Uitgeverij Joost van den Vondel (1933-1939)

Gepubliceerd op 18-09-2019

Mongolië

betekenis & definitie

Het centrale gebied van Azië, tamelijk vlak en hoog gelegen, begrensd door vele gebergten: Altai, Sajanisch gebergte, Groote Chingan, Kwenlun, tot Tarimbekken en Dzjoengarije. Het grootste gedeelte is zonder afvloeiing; naar de buitenzijden stroomen Jenissei, Amoer en Hoangho. Het N.W. is een horstgebied, doorsneden door vele slenken, soms door fluvioglaciale afzettingen opgevuld.

Sterk continentaal klimaat, naaldwoudgebied en steppe. Oost-Mongolië of Gobi-woestijn is een vlak gebied, waar langs jonge breuklijnen eruptieve gesteenten te voorschijn kwamen. De steppen leveren een goed weidegebied, naar het Zuiden begint de zandsteppe. De oude handelsweg Kiachta-Kalgan is thans van minder beteekenis.

Als een zeer oude schol ligt hier in het Z.O. het Ordos-plateau. De tegenhanger hiervan in het Z.W. is de horst Pesjan. Binnen-Mongolië behoort tot China, Buiten-Mongolië is een zelfstandige Sowjetrepubliek, ca. 1,5 millioen km2, ca. 700 000 inwoners, waarvan ca. 100 000 Russen. De hoofdstad is Oeljan-Bator, ca. 50000 inw.

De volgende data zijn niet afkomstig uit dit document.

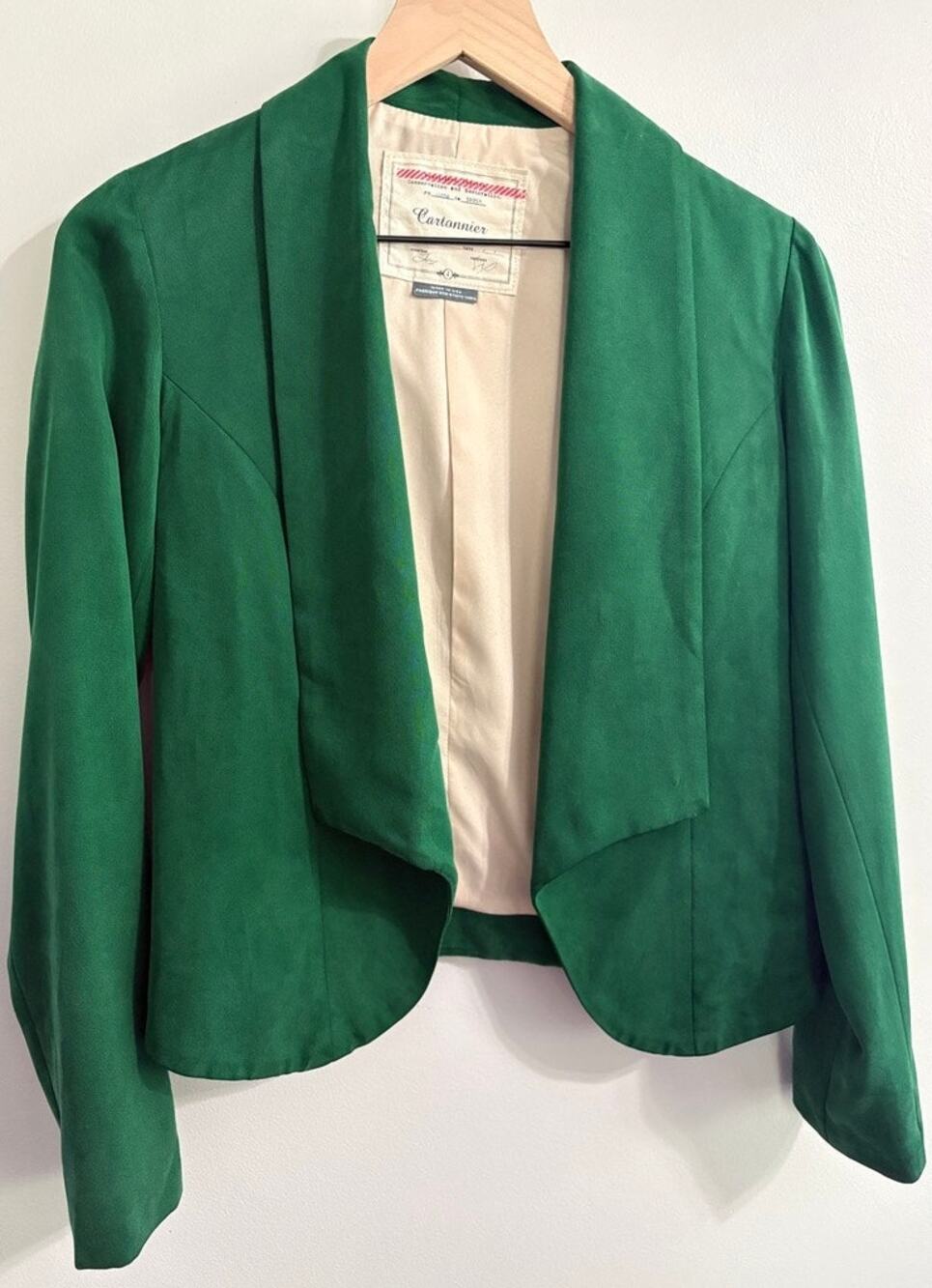 Cartonnier Anthropologie Green Open Front Blazer Jacket Tailored Workwear Size 2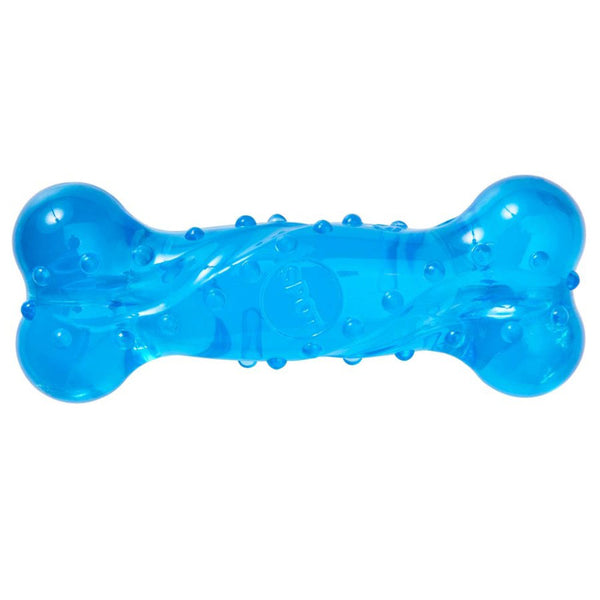 A Spot Play Strong Scent-Station Bone Dog Toy Bacon Blue 6 in on a white background.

Voorn. godsdienst is het Lamaïsme. Hoofdmiddel van bestaan is de nomadenveeteelt (kameelen, paarden, runderen, schapen), de landbouw is weinig ontwikkeld. Steenkool en goud worden ontgonnen. ➝ Mongolen.De Kath. Kerk bezit in M. 4 vicariaten met ca.122 000 Kath.; meest inheemsche priesters. Missionarissen van Scheut. In M. werkte o.m. mgr. Hamer.

Lit.: S. Hedin, Von Peking nach Moskau (1924): id., Auf groszer Fahrt (51929); S. Wolff, Die Volksrep. der M. (Ztschr. f. Geopolitik, 1928). Heere.